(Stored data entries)
-------------------------
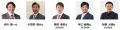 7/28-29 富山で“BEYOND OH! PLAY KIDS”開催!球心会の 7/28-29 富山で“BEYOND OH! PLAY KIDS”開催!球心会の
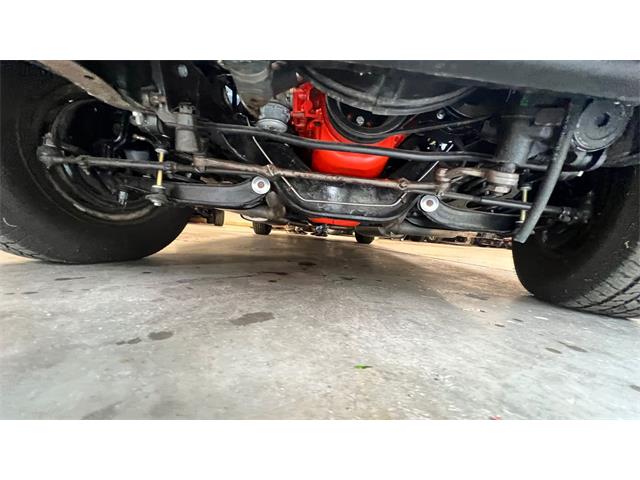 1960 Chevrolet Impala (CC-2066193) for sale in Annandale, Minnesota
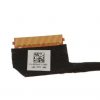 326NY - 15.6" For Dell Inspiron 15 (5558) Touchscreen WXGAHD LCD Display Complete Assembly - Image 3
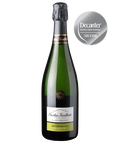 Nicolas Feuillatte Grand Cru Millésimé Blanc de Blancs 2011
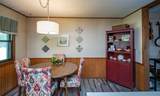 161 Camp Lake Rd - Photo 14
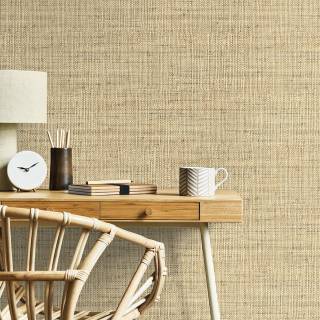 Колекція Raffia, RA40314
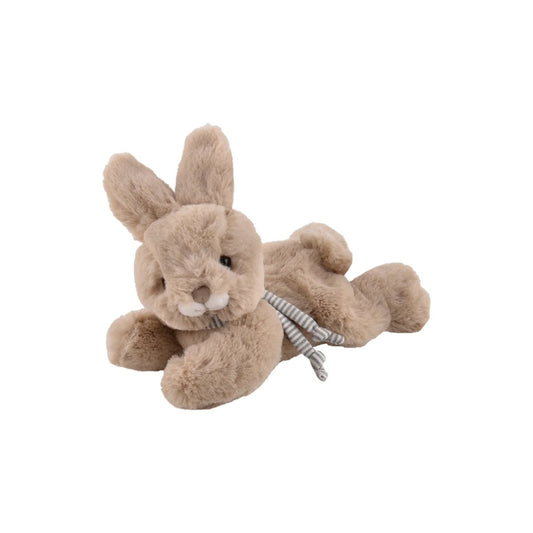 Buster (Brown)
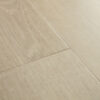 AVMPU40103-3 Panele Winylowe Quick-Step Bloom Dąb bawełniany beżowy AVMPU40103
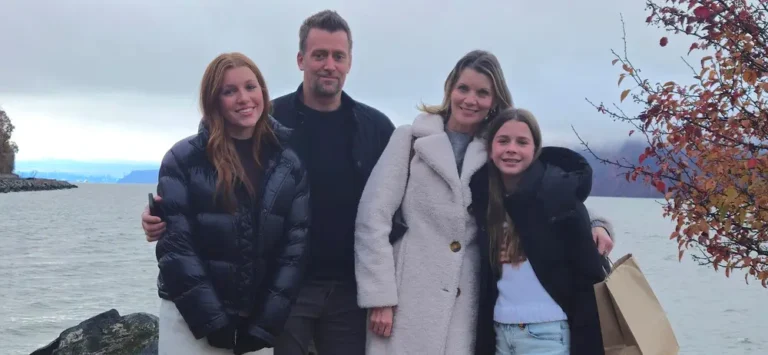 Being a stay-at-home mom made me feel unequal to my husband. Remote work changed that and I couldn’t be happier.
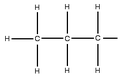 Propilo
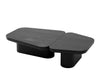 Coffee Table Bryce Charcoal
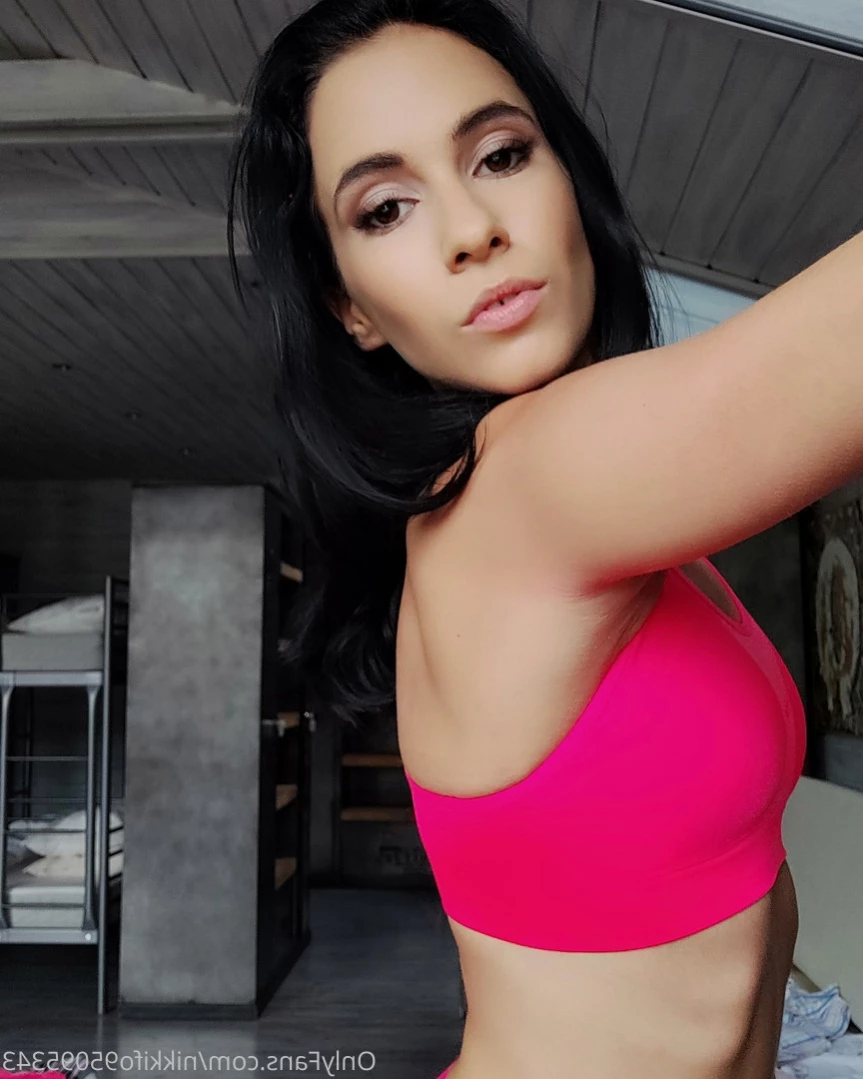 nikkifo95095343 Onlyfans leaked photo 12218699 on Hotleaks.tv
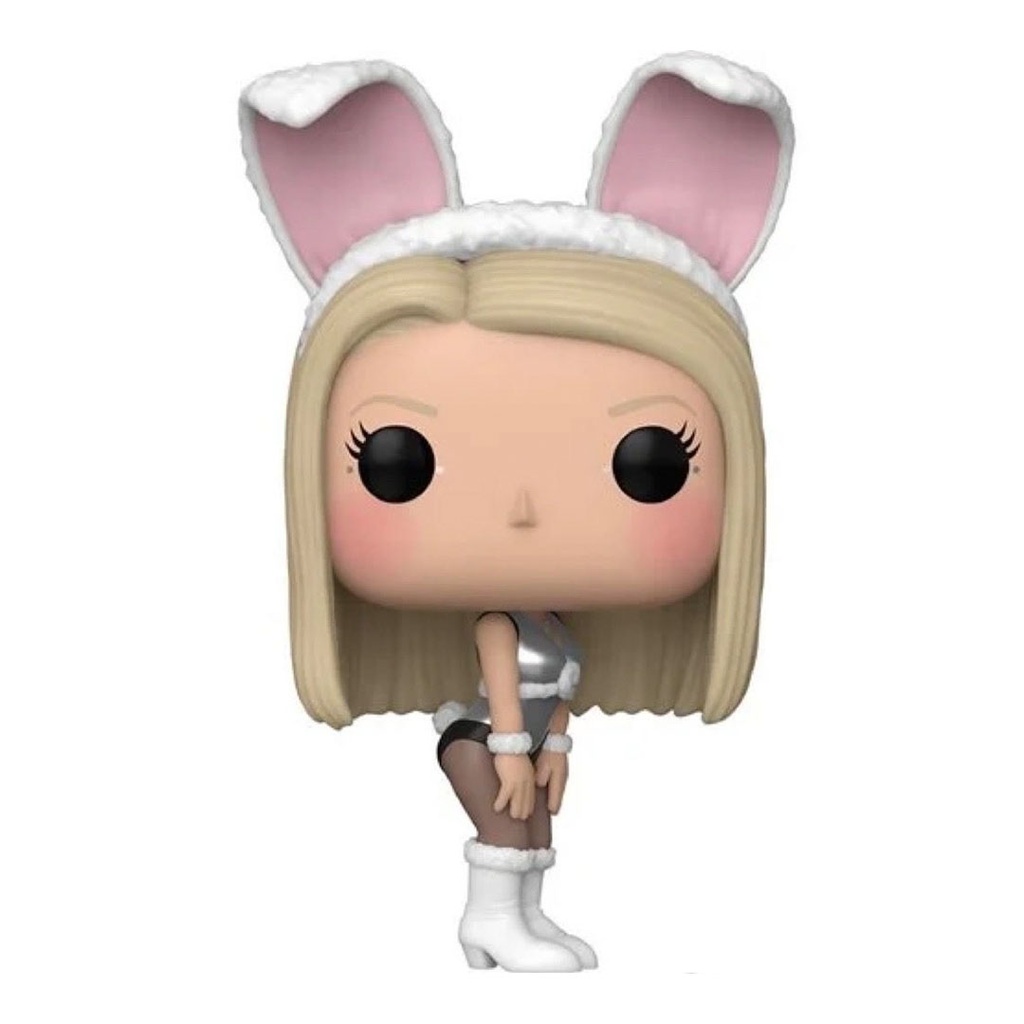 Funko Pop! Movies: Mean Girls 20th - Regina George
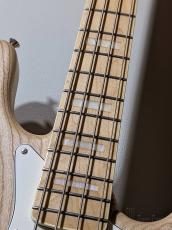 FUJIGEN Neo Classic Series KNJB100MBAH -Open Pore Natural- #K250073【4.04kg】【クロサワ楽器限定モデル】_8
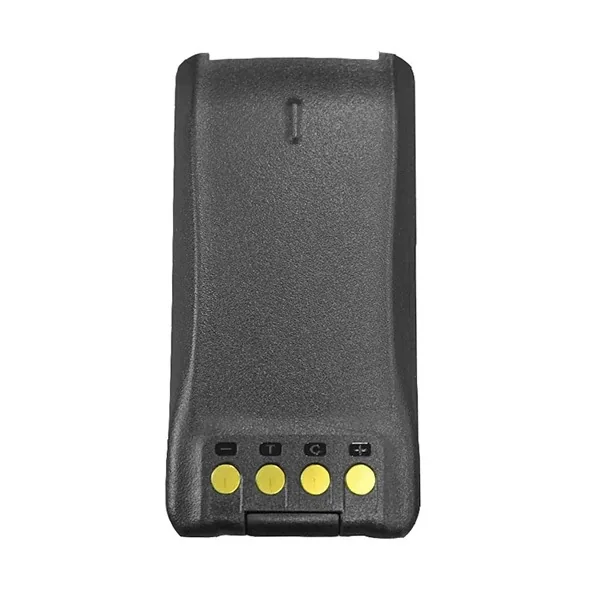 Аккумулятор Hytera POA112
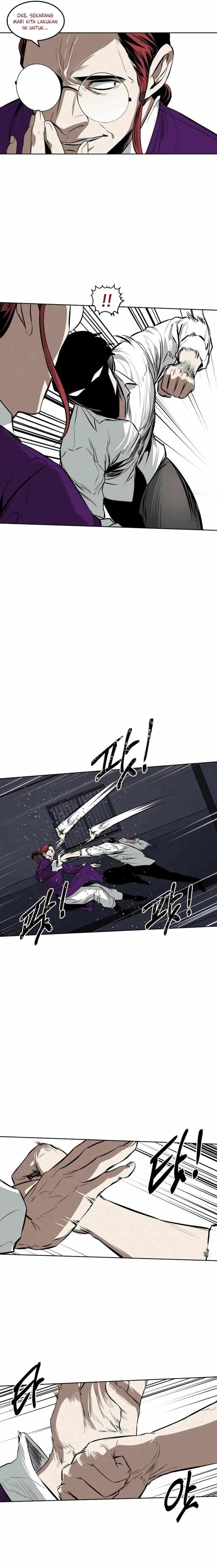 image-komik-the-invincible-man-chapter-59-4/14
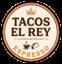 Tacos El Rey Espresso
-------------------------
Could you transcribe all of the data exactly, keeping every picture out of the copy?

**Written response:**
 7/28-29 富山で“BEYOND OH! PLAY KIDS”開催!球心会の 7/28-29 富山で“BEYOND OH! PLAY KIDS”開催!球心会の
 1960 Chevrolet Impala (CC-2066193) for sale in Annandale, Minnesota
 326NY - 15.6" For Dell Inspiron 15 (5558) Touchscreen WXGAHD LCD Display Complete Assembly - Image 3
 Nicolas Feuillatte Grand Cru Millésimé Blanc de Blancs 2011
 161 Camp Lake Rd - Photo 14
 Колекція Raffia, RA40314
 Buster (Brown)
 AVMPU40103-3 Panele Winylowe Quick-Step Bloom Dąb bawełniany beżowy AVMPU40103
 Being a stay-at-home mom made me feel unequal to my husband. Remote work changed that and I couldn’t be happier.
 Propilo
 Coffee Table Bryce Charcoal
 nikkifo95095343 Onlyfans leaked photo 12218699 on Hotleaks.tv
 Funko Pop! Movies: Mean Girls 20th - Regina George
 FUJIGEN Neo Classic Series KNJB100MBAH -Open Pore Natural- #K250073【4.04kg】【クロサワ楽器限定モデル】_8
 Аккумулятор Hytera POA112
 image-komik-the-invincible-man-chapter-59-4/14
 Tacos El Rey Espresso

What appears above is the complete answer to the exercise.